Assigned task: From the line with "RdM2-Potterish_03138.jpg" to the last line of the material, both inclusive, transcribe every line exactly and nothing else.
[Start of section]
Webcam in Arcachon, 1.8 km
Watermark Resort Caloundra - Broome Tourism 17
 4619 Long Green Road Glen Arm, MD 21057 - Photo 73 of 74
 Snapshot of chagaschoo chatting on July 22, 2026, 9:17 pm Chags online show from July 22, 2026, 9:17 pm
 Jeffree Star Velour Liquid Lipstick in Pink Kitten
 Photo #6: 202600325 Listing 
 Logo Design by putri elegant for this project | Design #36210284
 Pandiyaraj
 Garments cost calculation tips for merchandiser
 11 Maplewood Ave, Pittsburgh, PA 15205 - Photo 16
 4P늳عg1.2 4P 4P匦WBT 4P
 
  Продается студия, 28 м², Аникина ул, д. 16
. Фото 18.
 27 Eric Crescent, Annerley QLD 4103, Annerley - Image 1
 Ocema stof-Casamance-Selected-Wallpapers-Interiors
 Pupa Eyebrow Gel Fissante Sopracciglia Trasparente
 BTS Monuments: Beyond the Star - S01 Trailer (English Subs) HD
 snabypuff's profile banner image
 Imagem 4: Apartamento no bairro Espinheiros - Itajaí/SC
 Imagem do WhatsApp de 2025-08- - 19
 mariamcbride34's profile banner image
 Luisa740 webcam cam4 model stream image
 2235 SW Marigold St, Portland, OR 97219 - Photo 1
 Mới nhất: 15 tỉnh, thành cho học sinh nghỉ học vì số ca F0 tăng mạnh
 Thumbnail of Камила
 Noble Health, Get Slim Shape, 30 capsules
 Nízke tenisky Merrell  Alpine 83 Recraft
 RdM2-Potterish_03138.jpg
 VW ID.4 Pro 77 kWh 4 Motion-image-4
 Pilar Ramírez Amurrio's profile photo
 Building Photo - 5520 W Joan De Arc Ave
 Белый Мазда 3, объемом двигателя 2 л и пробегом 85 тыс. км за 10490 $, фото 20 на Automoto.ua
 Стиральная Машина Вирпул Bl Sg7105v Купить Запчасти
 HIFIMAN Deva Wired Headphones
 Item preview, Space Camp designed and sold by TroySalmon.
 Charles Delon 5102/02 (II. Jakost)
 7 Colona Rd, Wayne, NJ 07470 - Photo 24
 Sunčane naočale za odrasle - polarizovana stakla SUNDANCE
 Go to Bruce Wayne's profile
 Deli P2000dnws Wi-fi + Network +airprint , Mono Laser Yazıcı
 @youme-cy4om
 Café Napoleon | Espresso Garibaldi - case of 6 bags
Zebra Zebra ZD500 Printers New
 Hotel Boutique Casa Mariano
[End of section]
Exercise output:
 RdM2-Potterish_03138.jpg
 VW ID.4 Pro 77 kWh 4 Motion-image-4
 Pilar Ramírez Amurrio's profile photo
 Building Photo - 5520 W Joan De Arc Ave
 Белый Мазда 3, объемом двигателя 2 л и пробегом 85 тыс. км за 10490 $, фото 20 на Automoto.ua
 Стиральная Машина Вирпул Bl Sg7105v Купить Запчасти
 HIFIMAN Deva Wired Headphones
 Item preview, Space Camp designed and sold by TroySalmon.
 Charles Delon 5102/02 (II. Jakost)
 7 Colona Rd, Wayne, NJ 07470 - Photo 24
 Sunčane naočale za odrasle - polarizovana stakla SUNDANCE
 Go to Bruce Wayne's profile
 Deli P2000dnws Wi-fi + Network +airprint , Mono Laser Yazıcı
 @youme-cy4om
 Café Napoleon | Espresso Garibaldi - case of 6 bags
Zebra Zebra ZD500 Printers New
 Hotel Boutique Casa Mariano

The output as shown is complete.